Extracting and Parsing Raster Metadata
Reliable remote sensing pipelines begin with accurate geospatial metadata. Before any pixel-level computation, band math, or spatial join can occur, your system must correctly interpret coordinate reference systems, affine transforms, data types, nodata sentinels, and sensor-specific tags. This guide provides a production-tested workflow for programmatically reading, validating, and structuring raster headers using rasterio — a foundational step within the broader Core Raster Fundamentals & STAC Mapping architecture.
Pipeline position
Metadata extraction sits at the entry point of every ingestion and analysis pipeline. It runs before CRS transformation, before pixel resolution normalisation, and before any data is read from disk or cloud storage. Parsed metadata drives all subsequent decisions: which resampling kernel to apply, whether to reproject, which nodata mask to propagate, and how to align multi-source grids.
The diagram below shows where metadata extraction sits in a typical pipeline:
Prerequisites
pip install "rasterio>=1.3" "pyproj>=3.4" "numpy>=1.24" "pydantic>=2.0"
For GDAL binary compatibility, prefer the conda-forge build:
conda install -c conda-forge rasterio pyproj numpy
| Library | Min version | Why required |
|---|---|---|
rasterio |
1.3 | Dataset reader, affine transform, tag access |
pyproj |
3.4 | CRS string normalisation, authority lookups |
numpy |
1.24 | Dtype introspection, nodata range checks |
pydantic |
2.0 | Optional — strict model validation and JSON schema |
Conceptual prerequisites:
- Understanding of the TIFF Image File Directory (IFD) structure — see Understanding Cloud-Optimized GeoTIFF Structure for how COG headers are laid out in the file
- Familiarity with EPSG codes and authority-based CRS definitions — see Mastering CRS Transformations in Rasterio
Step-by-step workflow
Step 1 — Open the raster safely
Always open files inside a with block. This guarantees that the underlying GDAL dataset handle is released immediately after parsing, which prevents file descriptor leaks in long-running workers or multiprocessing pools.
import rasterio
uri = "s3://my-bucket/scene.tif" # local path or /vsis3/ URI both work
with rasterio.open(uri) as src:
print(src.driver) # GTiff, HDF5, JP2OpenJPEG, …
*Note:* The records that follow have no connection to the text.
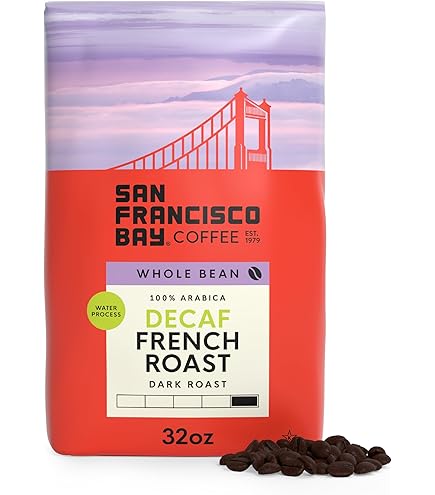 elf bar vape uk San Francisco Bay Coffee Fog Chaser Medium Roast Coffee main image 1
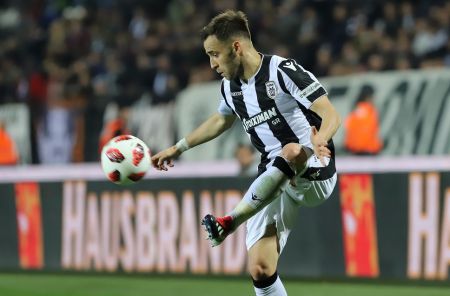 ΠΑΟΚ : Δύο μνηστήρες από την Τουρκία για Κίτσιου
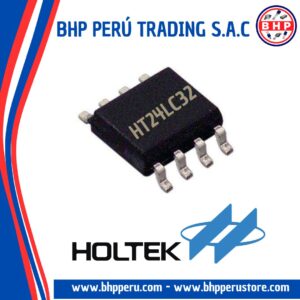 HT24LC32 HOLTEK CIRCUITO INTEGRADO I.C. EEPROM 32KBIT I2C DIP-8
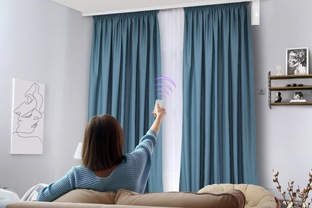 Электрокарнизы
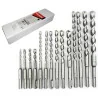 BROCA SDS PLUS JUEGO 14PC C/CART D71956 MAKITA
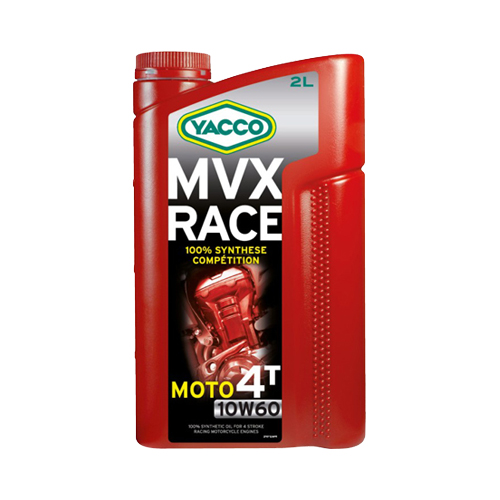 MVX RACE 4T 10W60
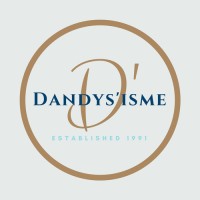 Dandys'isme logo - Similar company to Hermans Collectables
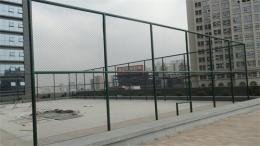 惠州球场围网厂家直销 现场安装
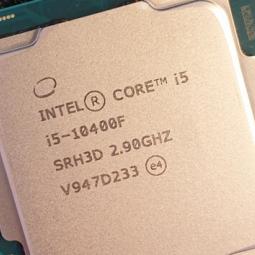   
          CPU Intel Core i5-10400F (12M Cache, 2.90 GHz up...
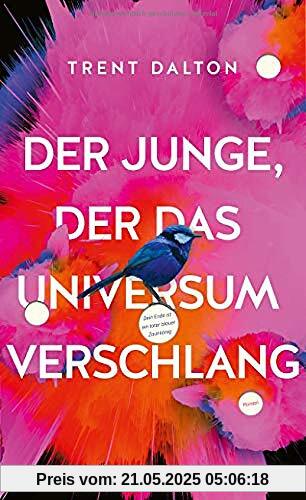Der Junge, der das Universum verschlang Der Junge, der das Universum verschlang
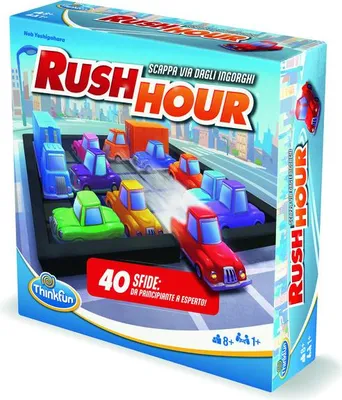 Immagine prodotto di ThinkFun 76601, Gioco da tavolo, Puzzle, 8 anni/anni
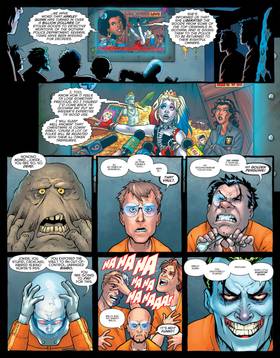 Read Harley Quinn & the Birds of Prey (2020-)  4 Page 10 in English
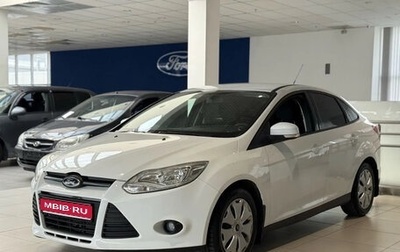 Ford Focus III, 2012 год, 740 000 рублей, 1 фотография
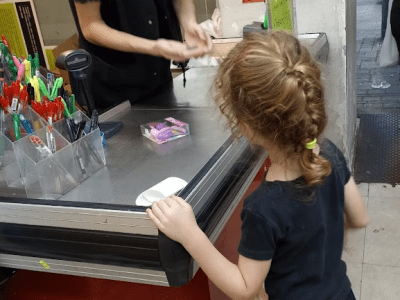 How we talk to our kids about&nbsp;money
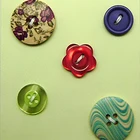 High Quality Hot Sale Suitable Clothing Assorted Design Colorful Oval Shirt Plastic Jeans Button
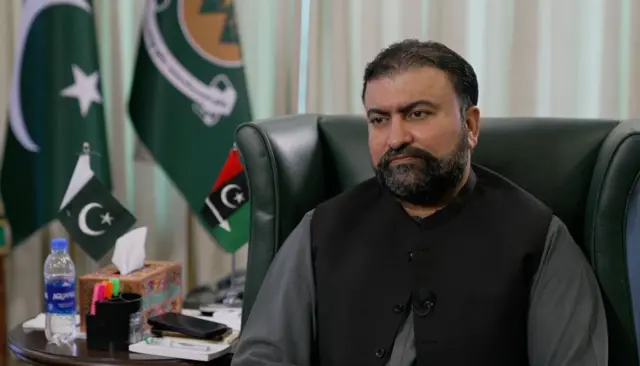 بلوچستان میں امن و امان کو ہر قیمت پر یقینی بنایا جائے گا، میر سرفراز بگٹی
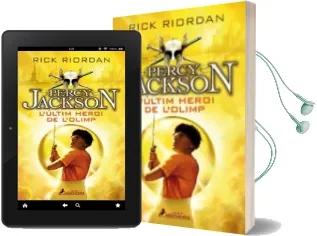 Descargar AudioLibro L Ultim Heroi de l Olimp (Català) (Percy v) de Rick Riordan año 2016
print(src.count) # number of bands
print(src.width, src.height)
For cloud-hosted files, configure GDAL environment variables before the first open call to enable HTTP range requests and avoid full-file downloads:
import os
os.environ["GDAL_DISABLE_READDIR_ON_OPEN"] = "EMPTY_DIR"
os.environ["CPL_VSIL_CURL_ALLOWED_EXTENSIONS"] = ".tif,.tiff"
os.environ["AWS_NO_SIGN_REQUEST"] = "YES" # for public buckets
Step 2 — Read core spatial attributes
The five attributes below form the geometric contract for the raster. Every downstream operation — reprojection, window reads, spatial joins — depends on them being correct.
with rasterio.open(uri) as src:
# CRS: normalise to an authority string (e.g. "EPSG:32632")
crs_str = src.crs.to_authority() if src.crs else None
# e.g. ("EPSG", "32632") — convert to "EPSG:32632" as needed
# Bounding box in native CRS units (left, bottom, right, top)
bounds = src.bounds # BoundingBox namedtuple
# Affine transform: maps pixel (col, row) → (x, y) in CRS units
# src.transform[0] = pixel width (positive)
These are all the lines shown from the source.